Government institutions in Zimbabwe continue to lag behind in using ICTs and the Internet for public services to the citizens.

According to a survey ‘Transparency Assessment’ by media watchdog Misa Zimbabwe last year, the Ministry of Primary and Secondary Education and the Public Service Commission were the most secretive state departments.

“For the second year running, the Primary and Secondary Education ministry was the most secretive institution with a total score of six points. The ministry did not respond to written requests for information and the website remains badly managed,” Misa-Zimbabwe stated.

Against this background, citizens who spoke to Radio VOP felt there was the need for government to utilise ICTs and internet fully to ease the red-tape people are now accustomed to when dealing with public bodies.

Taranyadzwa Muwoni (22) who recently got a teaching job said it was a ‘tedious’ application that he felt should not be endured in this age.

“Applying for a job in the public service is quite a process.

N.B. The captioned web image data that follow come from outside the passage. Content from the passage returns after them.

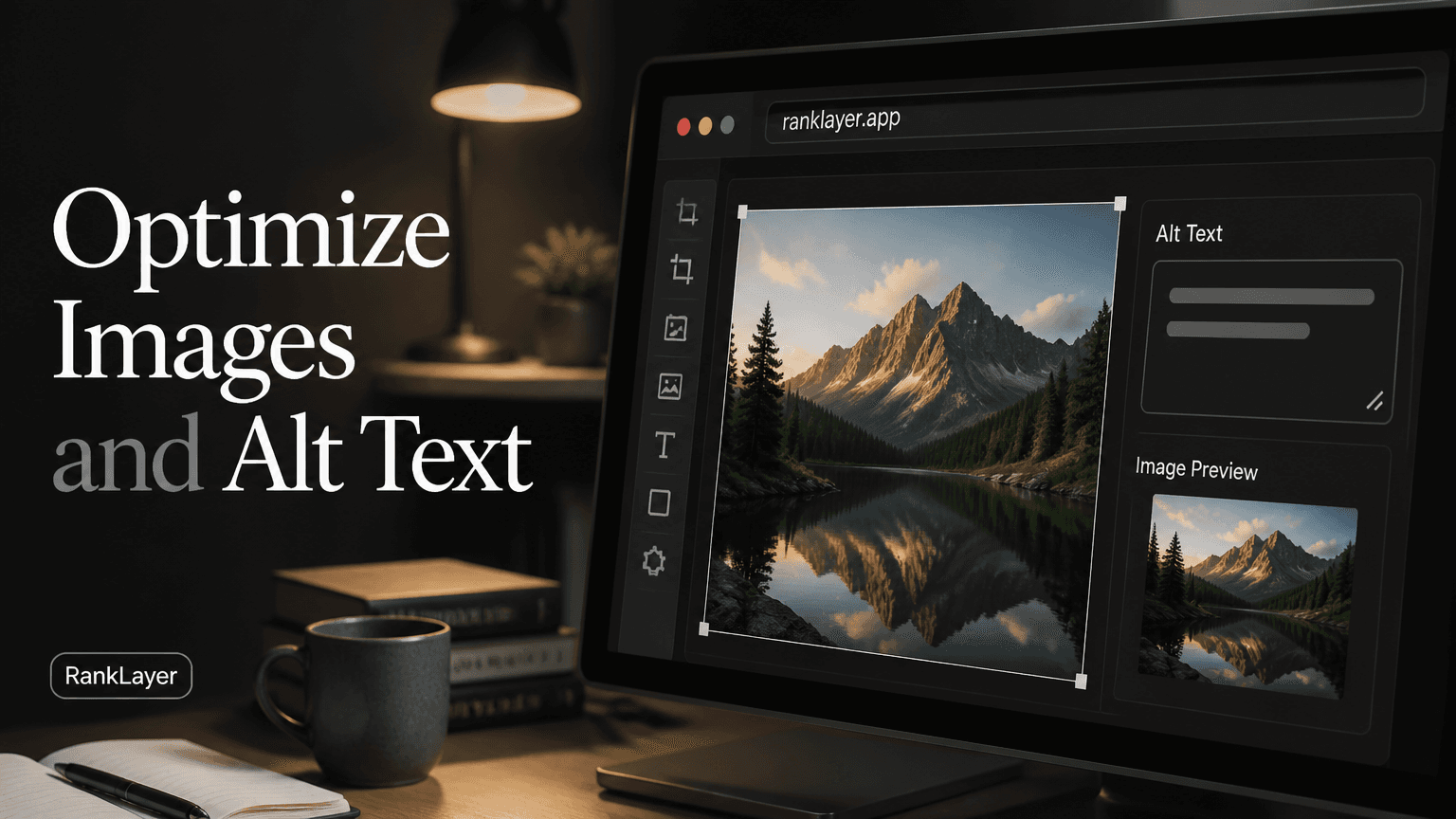 How to Optimize Images and Alt Text to Get Quoted by ChatGPT, Gemini, and Perplexity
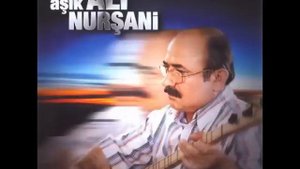 Aşık Ali Nurşani - İpek Mendil (Deka Müzik)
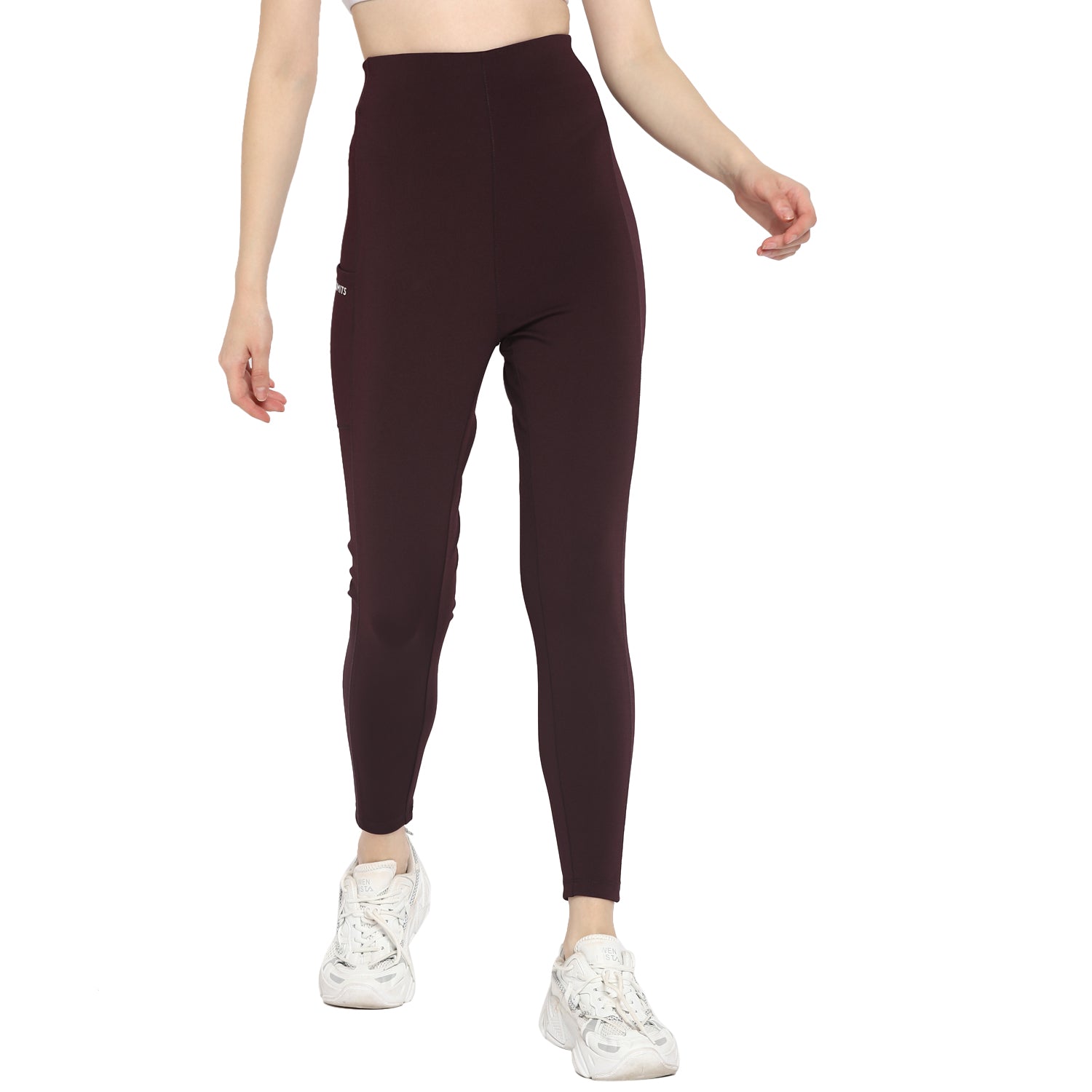 WMN ZL CNS PKT YOGA TIGHTS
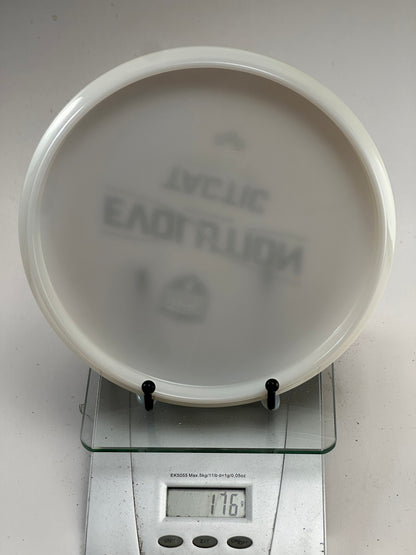 Discmania Tactic Neo (Evolution Special Edition) White Approach Disc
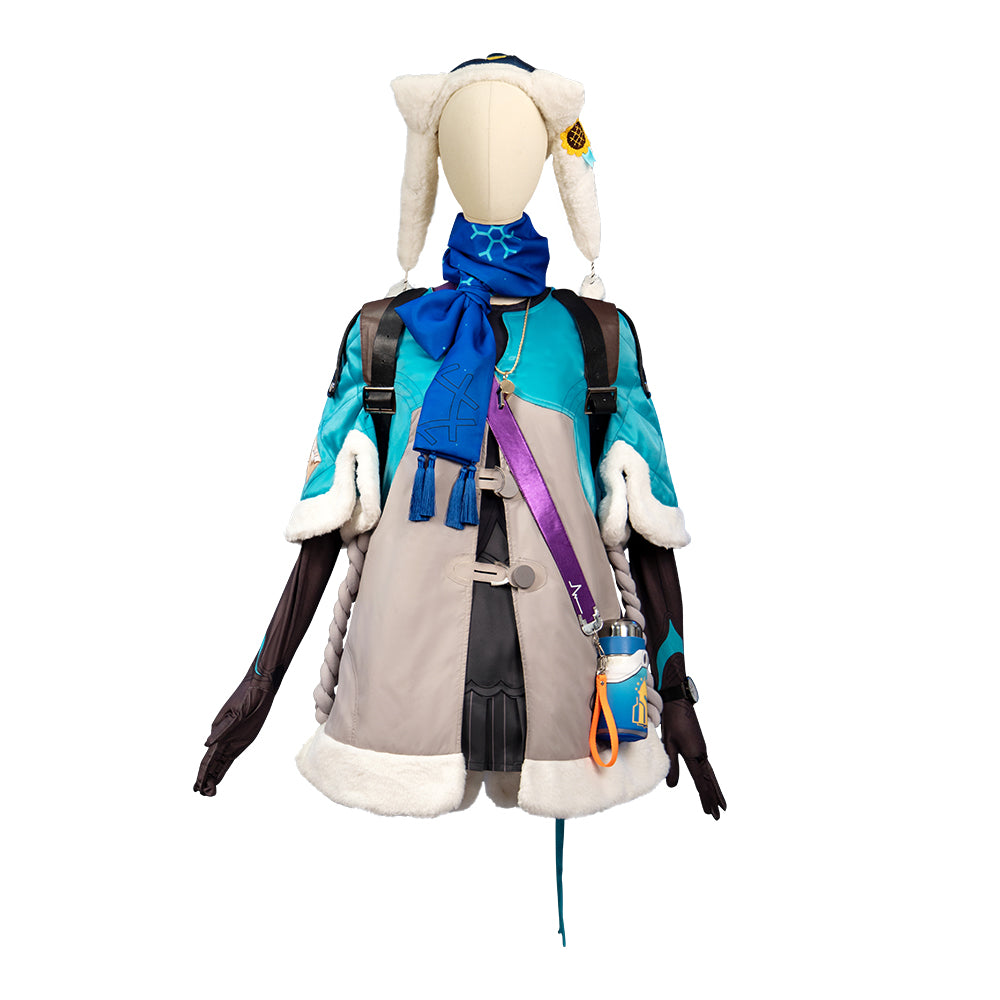 Honkai: Star Rail Lynx Cosplay Costume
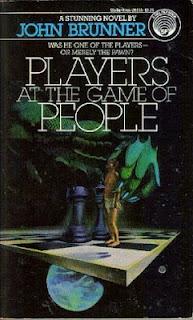 'Jugadores del juego de la gente', de John Brunner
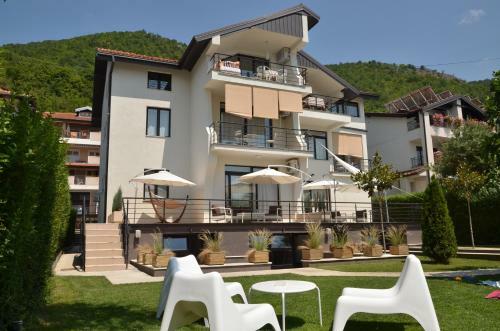 Apartamentos Villa Katerina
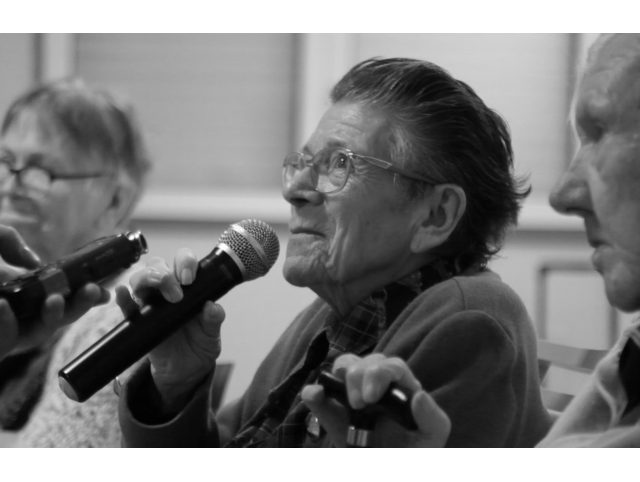 Spectacle multimédia "Mémoires de femmes" 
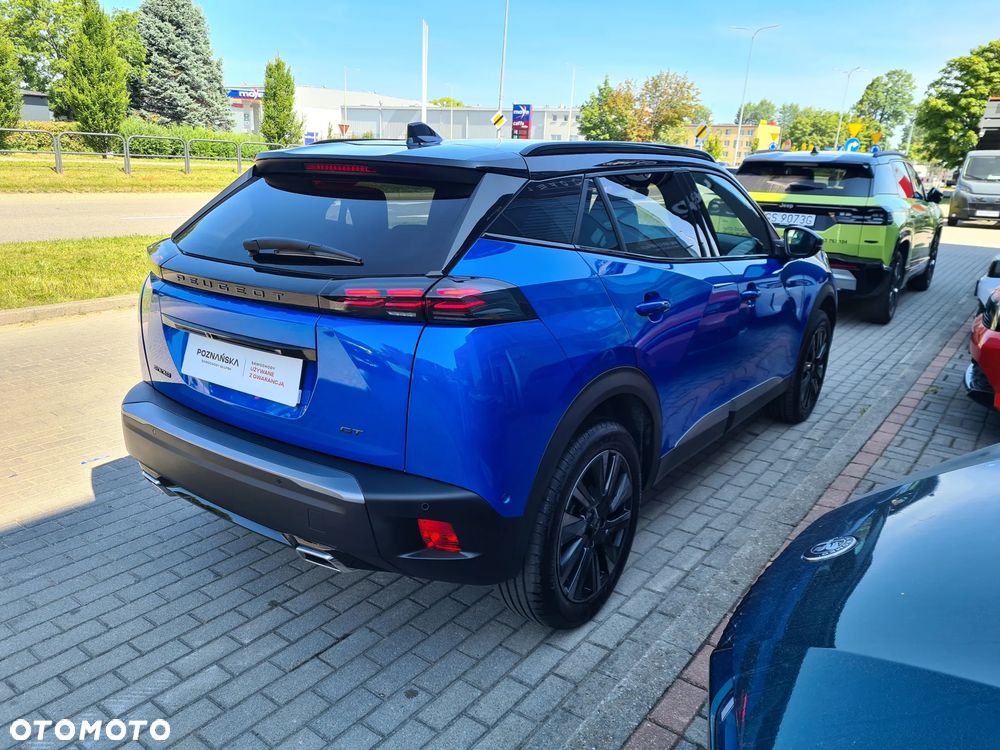 Peugeot 2008 1.2 PureTech GT S&S EAT8 - 7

The PSC(Public Service Commission) need 3 copies on each document(ID, birth certificates, academic certificates and diploma) which you have to hand in physically.

“I was coming from rural Chihota imagine I had to secure accommodation overnight to be able to go through this process when if the government had adopted ICTs fully I should have just emailed scanned copies and it’s done,” he said.

Acquiring birth certificates can be energy-sapping and time consuming in Zimbabwe with internet services readily available, according to Martha Chavhanga.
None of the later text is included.